SECTION 12. Uncertificated Shares; Certificated Shares.

(a) Uncertificated Shares.

(i) Form. Notwithstanding anything to the contrary herein, unless requested in writing by a Holder to the Company, the shares of Series B Preferred Stock shall be in uncertificated, book entry form as permitted by the Amended and Restated Bylaws of the Company and the DGCL. Within a reasonable time after the issuance or transfer of uncertificated shares, the Company shall, or shall cause the Transfer Agent to, send to the registered owner thereof an Ownership Notice.

(ii) Transfer. Transfers of Series B Preferred Stock held in uncertificated, book-entry form shall be made only upon the transfer books of the Company kept at an office of the Transfer Agent upon receipt of proper transfer instructions from the registered owner of such uncertificated shares, or from a duly authorized attorney or from an individual presenting proper evidence of succession, assignment or authority to transfer the stock. The Company may refuse any requested transfer until furnished evidence satisfactory to it that such transfer is proper.

(iii) Legends. Each Ownership Notice issued with respect to a share of Series B Preferred Stock shall bear a legend in substantially the following form:

“THE SECURITIES REPRESENTED BY THIS CERTIFICATE HAVE NOT BEEN REGISTERED UNDER THE SECURITIES ACT OF 1933, AS AMENDED, OR THE SECURITIES LAWS OF ANY STATE AND MAY NOT BE TRANSFERRED, SOLD OR OTHERWISE DISPOSED OF EXCEPT PURSUANT TO AN EFFECTIVE REGISTRATION STATEMENT UNDER SUCH ACT AND APPLICABLE STATE SECURITIES LAWS OR PURSUANT TO AN EXEMPTION FROM REGISTRATION UNDER SUCH ACT OR SUCH LAWS.

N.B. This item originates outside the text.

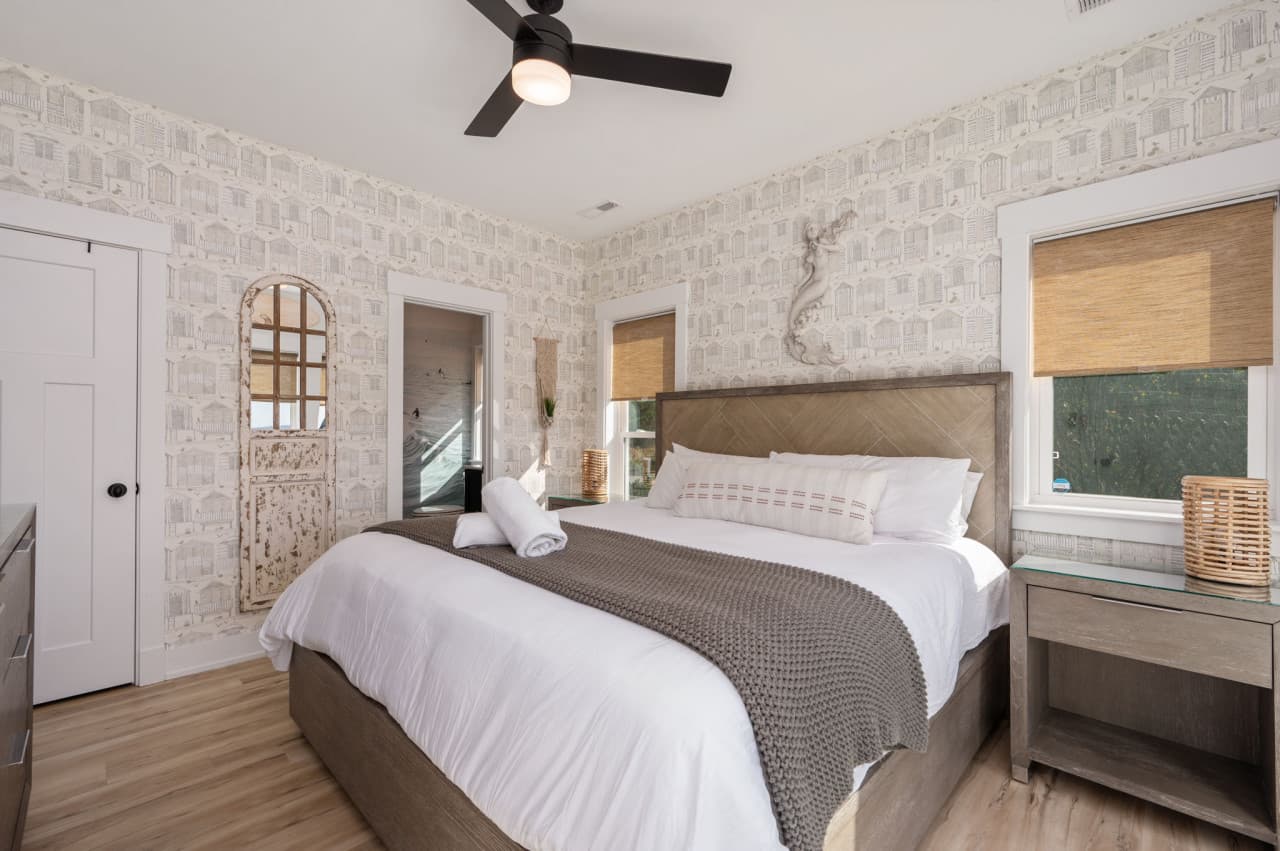 Bedroom w/ light wallpaper, woven window shades & a bench at the foot of the bed.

THE SECURITIES REPRESENTED BY THIS CERTIFICATE ARE SUBJECT TO RESTRICTIONS ON TRANSFER SET FORTH IN CERTIFICATE OF DESIGNATIONS OF 10.000% SERIES B REDEEMABLE PREFERRED STOCK, A COPY OF WHICH IS ON FILE WITH THE SECRETARY OF THE ISSUER AND WILL BE PROVIDED, WITHOUT COST, UPON WRITTEN REQUEST TO THE SECRETARY.”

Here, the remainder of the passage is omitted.